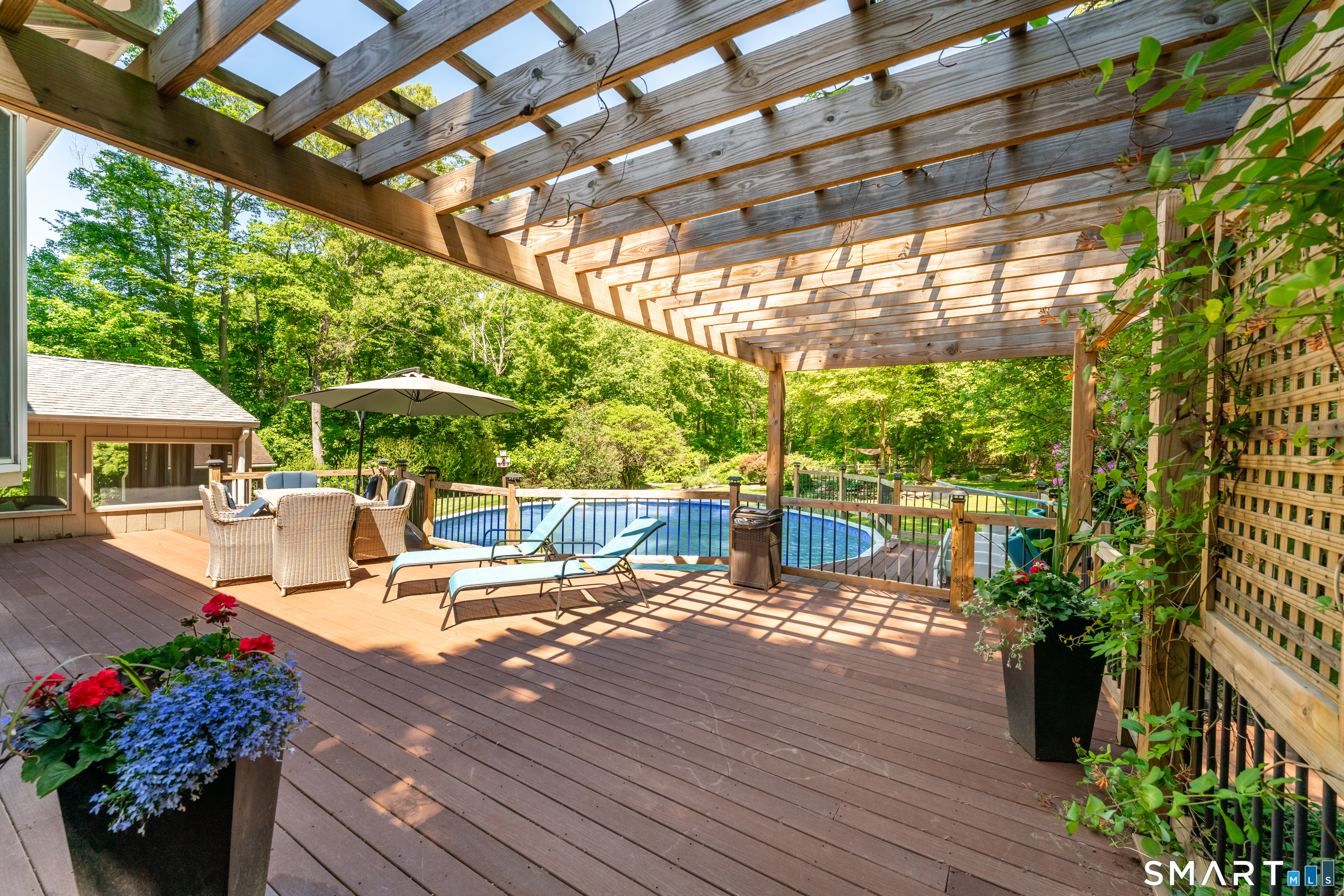 18 Doolittle Road Preston, CT 06365 - Photo 14 of 40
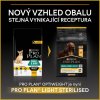 Pro Plan Dog Light/Sterilised Adult All Sizes kuře 3kg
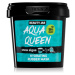 Beauty Jar Aqua Queen zlupovacia maska s hydratačným účinkom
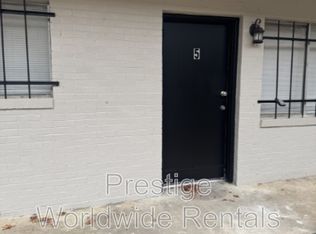 1718 Knowles Rd #6, Phenix City, AL 36869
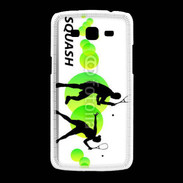 Coque Samsung Galaxy Grand2 Squash 2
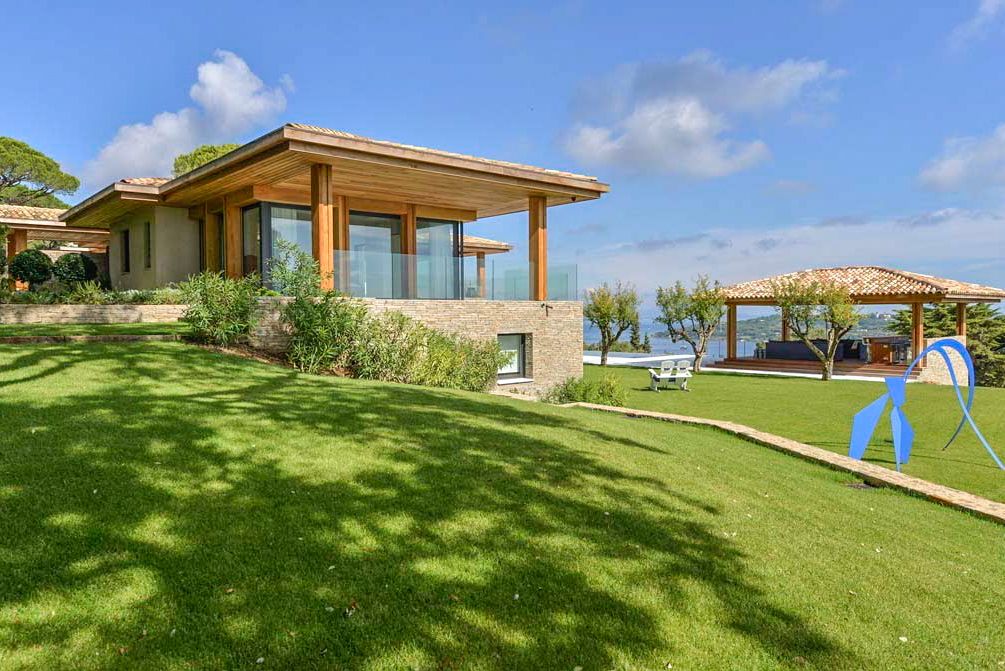 Maison Bardot Maison Bardot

**********

Pictures aside, every entry above must be repeated exactly.

 18 Doolittle Road Preston, CT 06365 - Photo 14 of 40
 Pro Plan Dog Light/Sterilised Adult All Sizes kuře 3kg
 Beauty Jar Aqua Queen zlupovacia maska s hydratačným účinkom
 1718 Knowles Rd #6, Phenix City, AL 36869
 Coque Samsung Galaxy Grand2 Squash 2
 Maison Bardot Maison Bardot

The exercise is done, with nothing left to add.